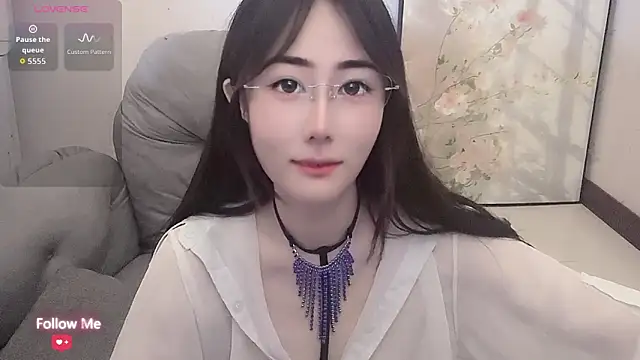 qiqi-- online show from 06/03/26, 06:05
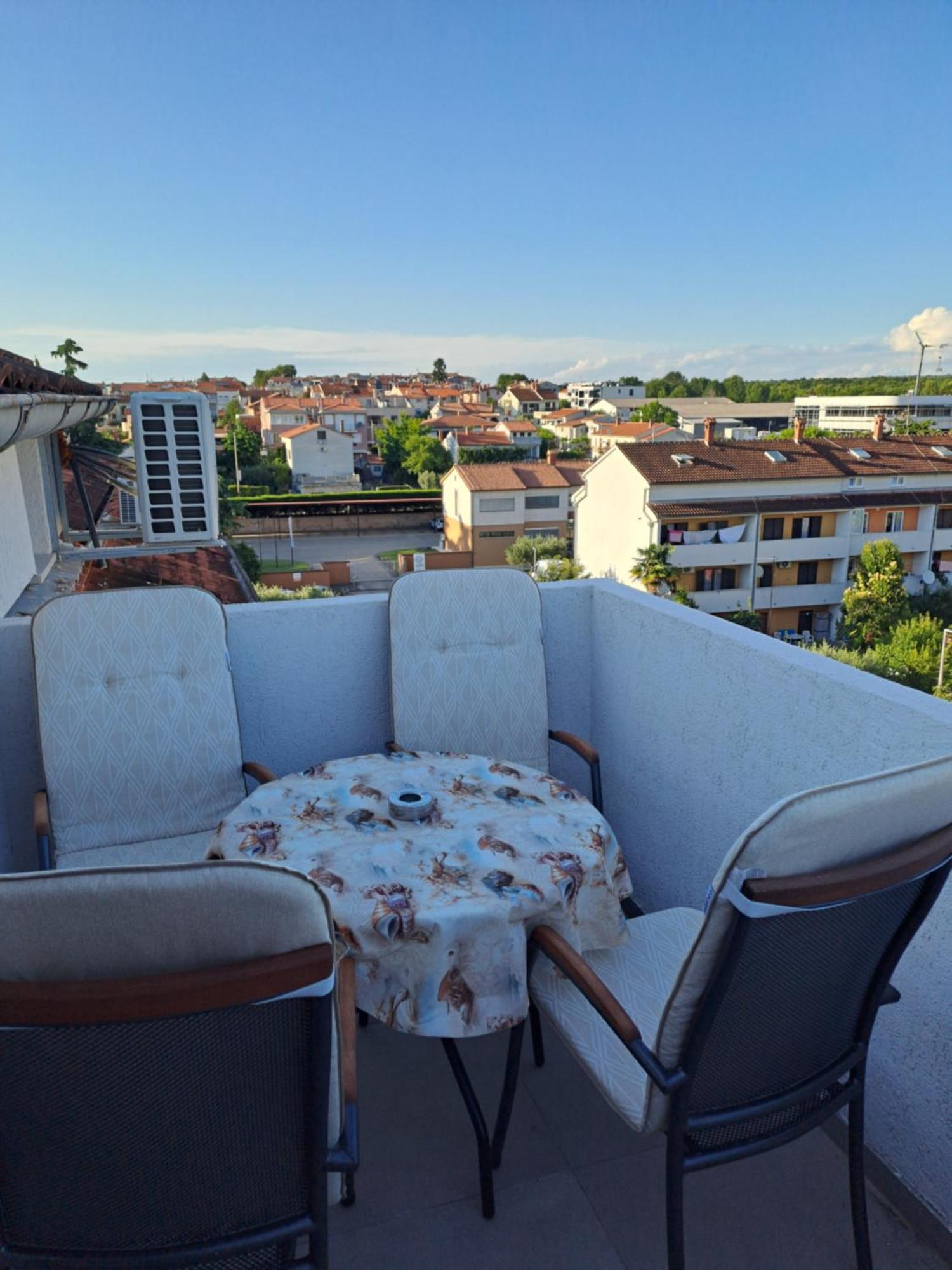Apartments N & V Πόρετς Εξωτερικό φωτογραφία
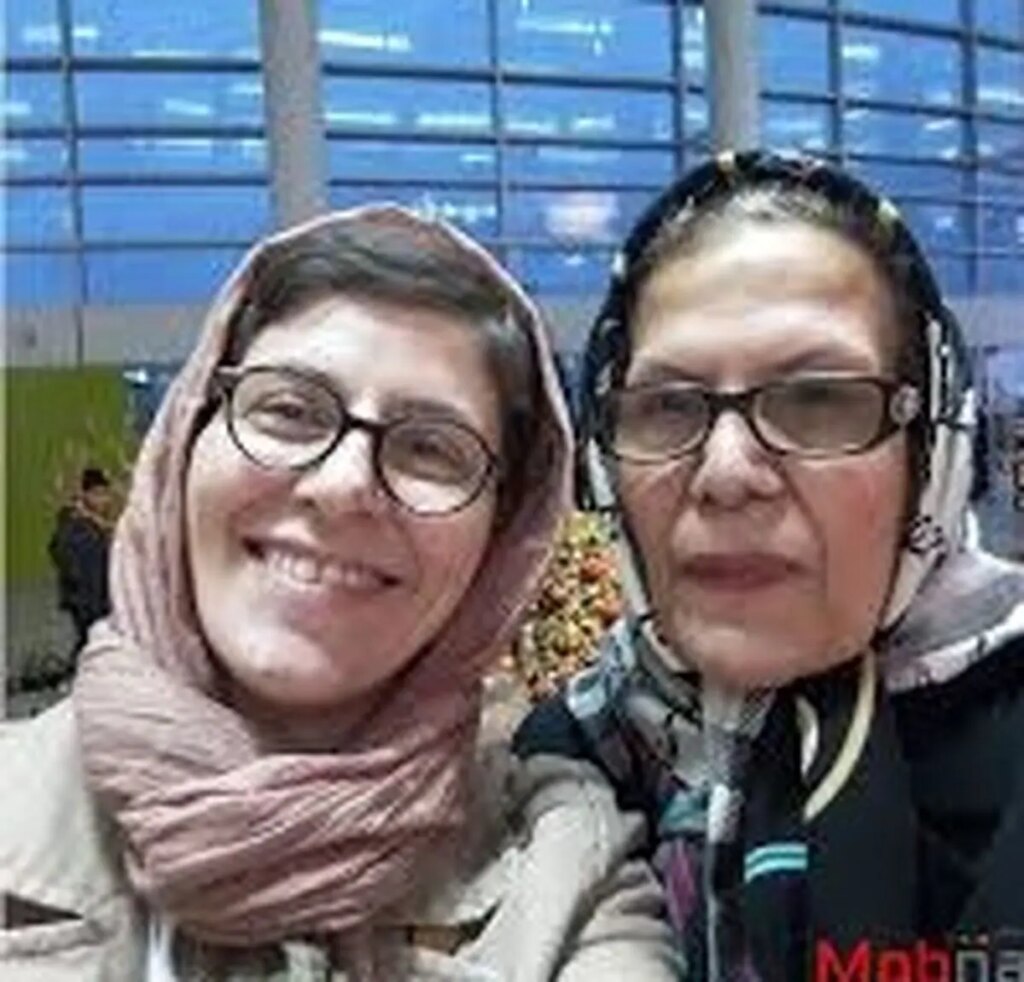 جلسات دورهمی و قرآنی مادر فرهنگی سوسن پرور در اراک که قابل پخش نیست!/ ویدئو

**Task requirements:**
The whole listing is to be retyped exactly, with its pictures removed.

**Your response:**
 qiqi-- online show from 06/03/26, 06:05
Apartments N & V Πόρετς Εξωτερικό φωτογραφία
 جلسات دورهمی و قرآنی مادر فرهنگی سوسن پرور در اراک که قابل پخش نیست!/ ویدئو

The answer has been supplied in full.